Commentary

Online Ad Researchers Challenge Anti-Hacking Law

The White House recently warned that companies can draw on so-called Big Data to discriminate against people based on race or class.

The administration's well-publicized paper specifically mentioned research by Latanya Sweeney, former chief technologist at the Federal Trade Commission, who reported that Google searches for black-identifying names, like “DeShawn and Darnell,” were more likely to generate ads that contain the word “arrest” than searches for white-identity names, like “Geoffrey and Jill.”

Several years prior to Sweeney's report, The Wall Street Journal investigated price discrimination at Staple's e-commerce site. For the project the newspaper built software that enabled it to simulate visits from different computers.

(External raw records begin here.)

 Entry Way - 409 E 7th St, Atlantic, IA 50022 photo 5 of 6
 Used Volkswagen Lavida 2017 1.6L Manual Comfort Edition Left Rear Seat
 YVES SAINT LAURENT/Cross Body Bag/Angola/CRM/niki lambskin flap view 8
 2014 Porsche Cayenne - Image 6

Now, a group of researchers and the news organization First Look Media say they want to conduct online tests to determine whether Web sites are considering users' presumed race when displaying real estate and job ads.

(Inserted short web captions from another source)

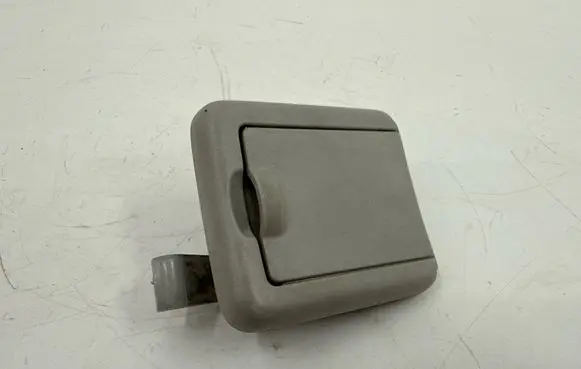 Volkswagen PASSAT B6 Cargo luggage net fixing mount 1T0861303M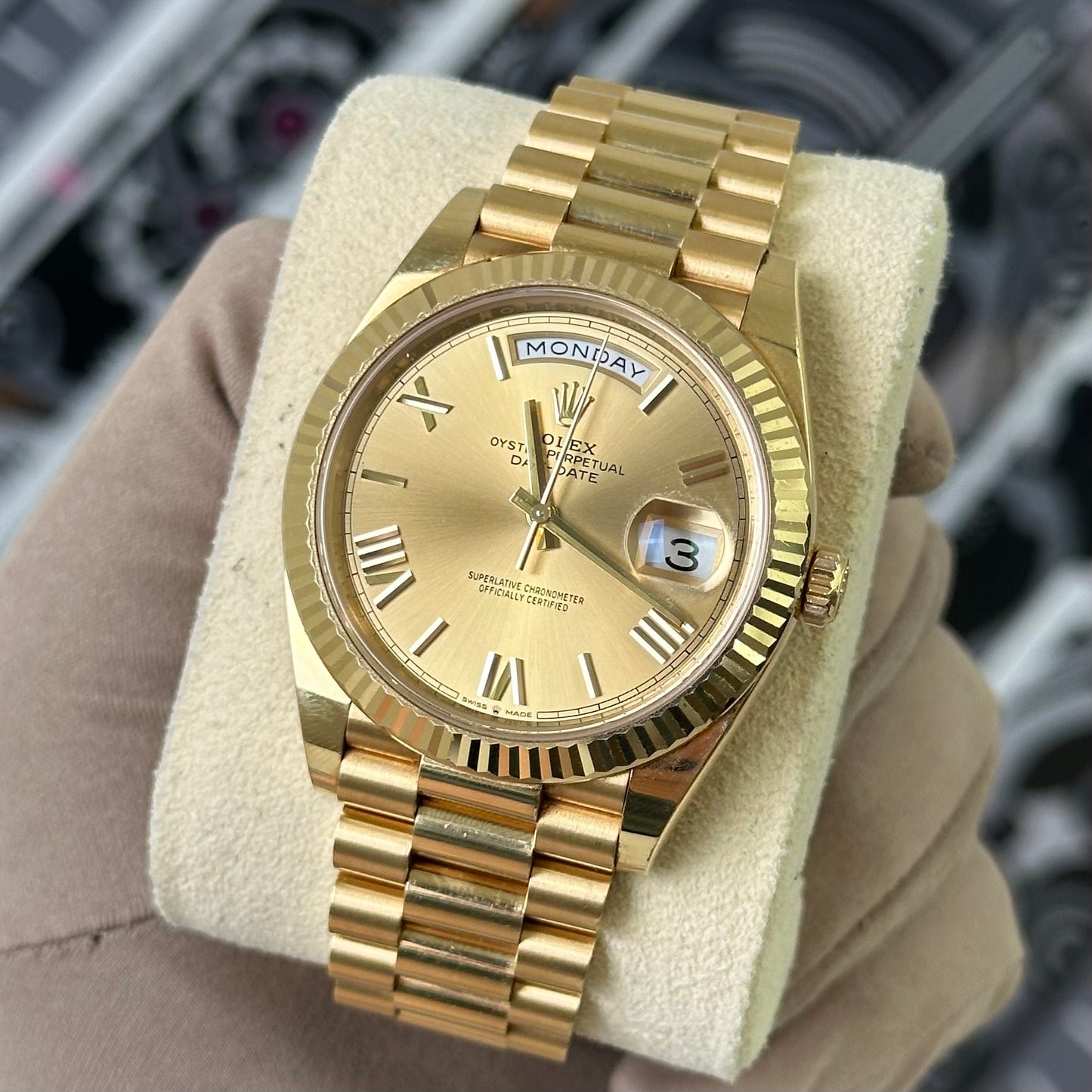 Rolex DD40 Yellow Gold 228238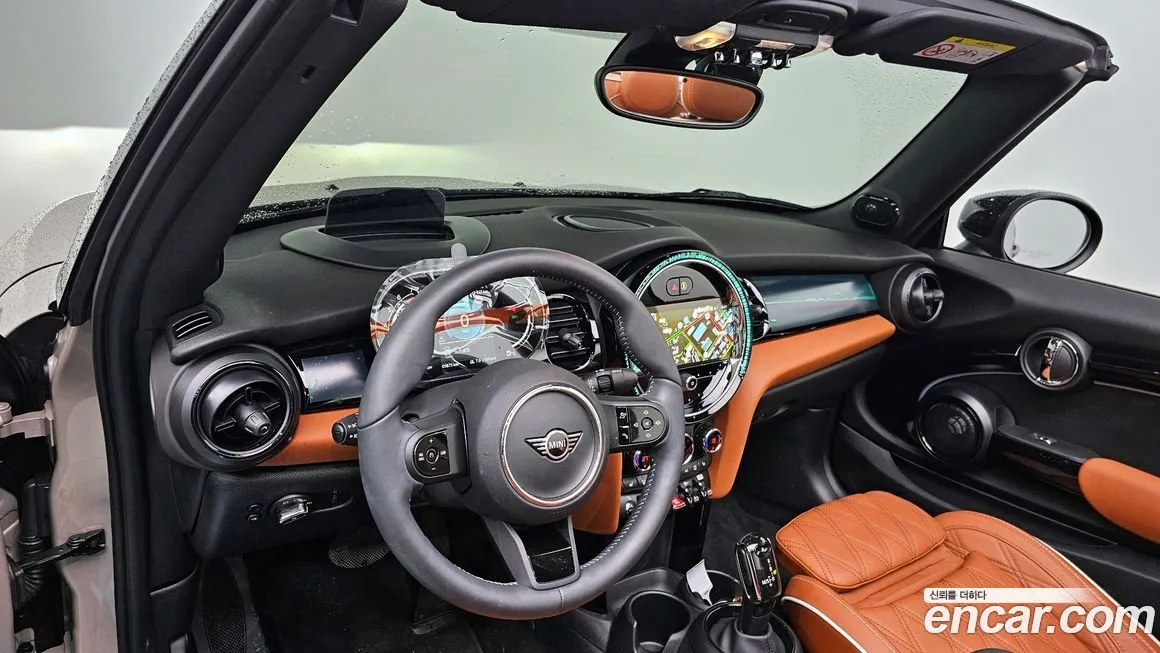 Mini Cooper Convertible 2024 из KR, фото 7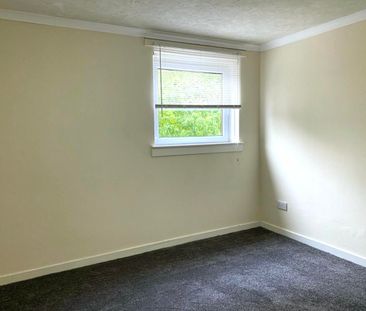 275 Hillpark Drive South Side - Photo 2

The problem, according to the researchers, is that the Computer Fraud and Abuse Act -- a 1980s era anti-hacking law -- potentially criminalizes this kind of testing. That's because the Computer Fraud and Abuse Act includes provisions that make it a crime for users to exceed their "authorized access" to a Web site. Arguably, people can exceed their authorized access to a site by violating its terms of service.

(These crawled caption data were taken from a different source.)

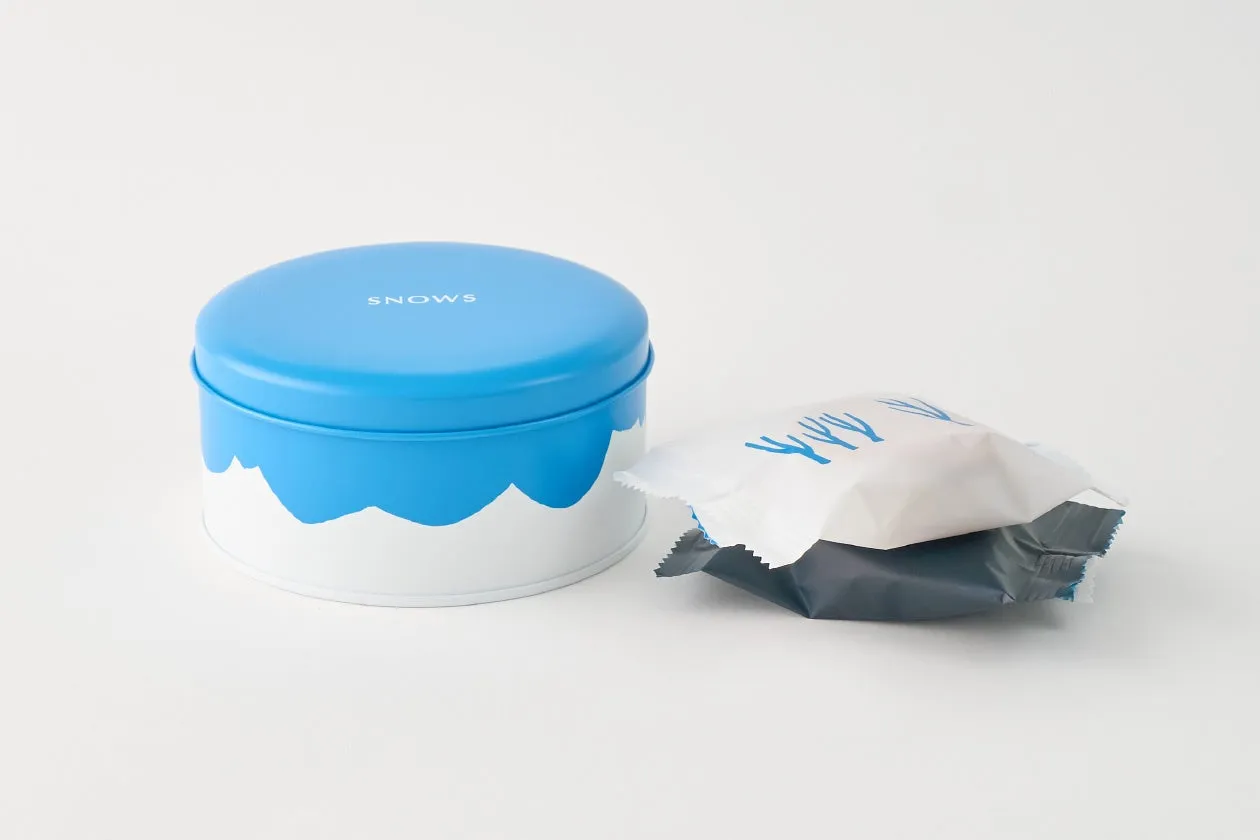 SNOWS 青い缶と、パッケージされたお菓子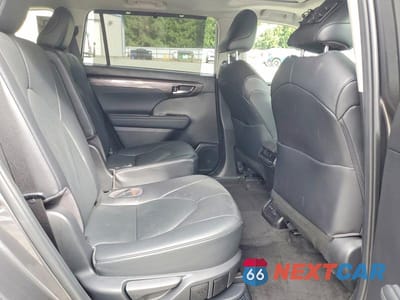 Zdjęcie 11 z 13 samochodu: 2023 TOYOTA HIGHLANDER HYBRID LIMITED VIN:5TDXBRCH6PS137918 - miniatura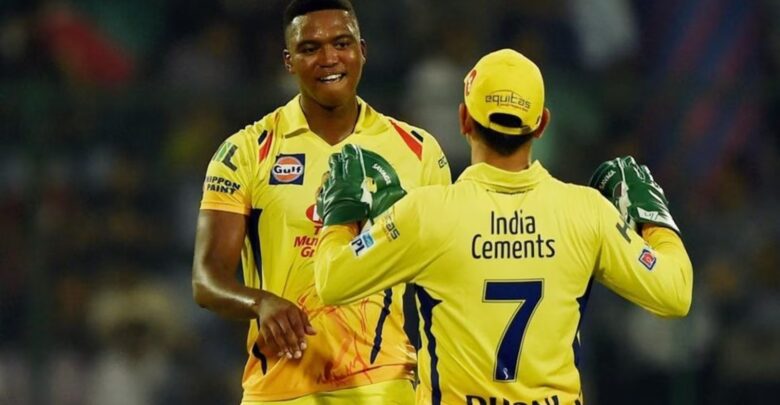 Ngidi celebrating wicket with MS Dhoni in IPL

But according to the researchers, the terms of service at many of the most popular real estate and job sites effectively prohibit testing -- even for purposes of uncovering discrimination. In many cases the sites' terms of service prevent scraping, and prohibit people from entering incorrect information. Some popular job sites specifically tell users not to create more than one account. 

Today, the researchers asked a judge to declare a portion of the Computer Fraud and Abuse Act unconstitutional on the grounds that it violates their free speech rights as well as their right to due process of law.

"The plaintiffs in this case, academics and a media organization, wish to conduct audit testing or related investigative work to determine whether online websites -- including those that advertise or provide a means by which individuals can apply for housing and employment -- are treating users differently based on their membership in a protected class, but they are limited by the ToS of target websites," the researchers allege in a lawsuit brought in Washington, D.C. federal court by the ACLU. "Some of the plaintiffs have already engaged in such research and testing activities and must now fear prosecution."

The researchers add that the law's prohibition on exceeding "authorized access" to sites effectively criminalizes activity that is otherwise perfectly legal.

"Any speech or expressive activity that the private operator of a website has prohibited as a condition of access to its website becomes a criminal violation," the lawsuit alleges. "In a good number of cases, a website’s ToS will prohibit speech that cannot constitutionally be prohibited."